Across seven security benchmarks, META-SECALIGN achieves state-of-the-art robustness, performing comparably or, in some cases, better than closed-source models like GPT-4o and Gemini-Flash-2.5. For example, on the AgentDojo benchmark, the success rate for attacks falls to ~2%, from ~14% in the base model. On the WASP web agent benchmark, the model achieved a near-zero end-to-end attack success rate.
Although the model was only trained on generic instruction-following data, the security defense transferred surprisingly well to unseen, complex downstream tasks like API calling and agentic web navigation. The authors argue that many commercial models suffer a significant drop in performance when security features are enabled. In contrast, META SECALIGN demonstrates a very small ‘utility cost’, which the authors attribute to their design of separating untrusted data into a dedicated ‘input role’.

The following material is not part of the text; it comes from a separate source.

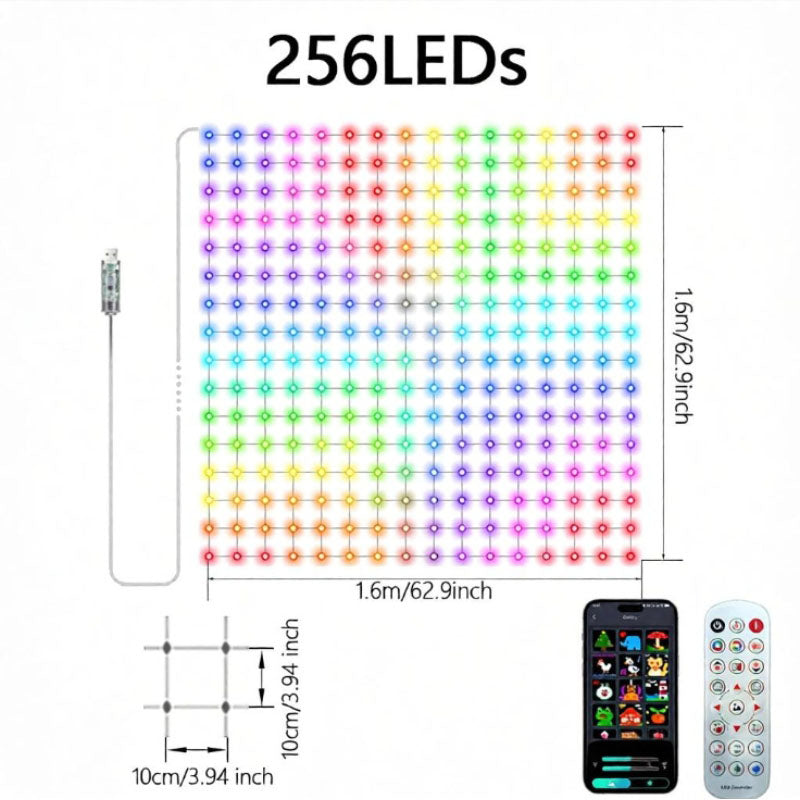 Lumivoro | Multicolour RGBIC Outdoor LED Net Lights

This is made possible by their use of LoRA (Low-Rank Adaptation) for the DPO fine-tuning. Instead of retraining the entire model, LoRA efficiently trains a small "adapter" that learns the security policy, which can then be dialed up or down at inference time. This gives developers more precise control over the security-utility trade-off without needing to retrain the model.
Evaluations
The Illusion of Thinking: do reasoning models struggle with complex puzzles?
What Happened: In a much-discussed paper, researchers at Apple examined the capabilities of Large Reasoning Models, i.e. those that generate internal chains of thought before answering. The authors argue that, beyond a certain complexity threshold, the accuracy of LRMs collapses.

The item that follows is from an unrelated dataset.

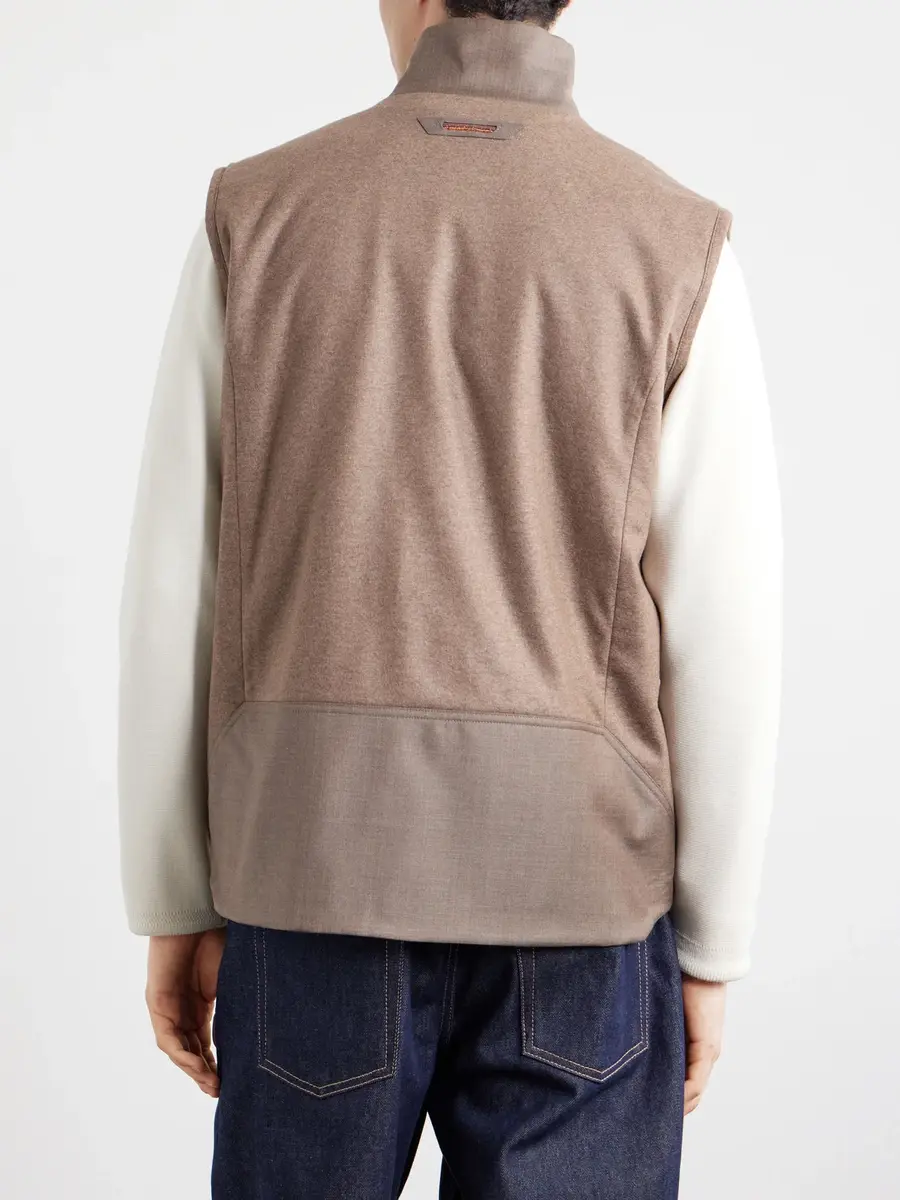Sease Explorer Reversible Padded Cashmere and Wool Gilet - Men | Thumbnail 4 Sease Explorer Reversible Padded Cashmere and Wool Gilet - Men | Thumbnail 4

What’s Interesting: The authors note that early LRMs have demonstrated significant performance improvements in math and coding, but that the evaluations typically focus on the final answer, rather than the quality of the reasoning itself. It is also unclear how well these evaluations capture genuine, generalisable reasoning capabilities.
To address this, the researchers compare reasoning and non-reasoning models on ‘controllable puzzle’ environments like River Crossing or Tower of Hanoi. In the latter, the models need to move disks from one rod to another while adhering to various rules.
The researchers use these puzzles because they can precisely increase the complexity of the task, or the minimum number of moves needed to solve it, e.g. by adding more disks in the Tower of Hanoi. They can also check the quality of the intermediate reasoning steps that models pursue.
The results? When dealing with low-complexity tasks, the authors find that standard non-reasoning models are more accurate and token-efficient than their reasoning counterparts. For medium complexity tasks, reasoning models performed much better than standard models, although this is driven by more token usage.
Performance for both model types hit a snag for high complexity puzzles. Standard models experienced a complete performance collapse. The performance of reasoning models also tapered off as complexity increased, although complete collapse occurred at higher levels of complexity than for standard models.
What explains the findings? The authors argue that for lower-complexity problems, reasoning models often ‘overthink’ - they find the correct solution early on but continue to explore incorrect paths. For more complex problems, reasoning models came to correct solutions much later in the thought process, if they came to them at all. The authors also found that as problem complexity increased, the models’ reasoning efforts - measured in thinking tokens - increased up to a point (~20,000 tokens) but then declined as they approached the accuracy collapse point.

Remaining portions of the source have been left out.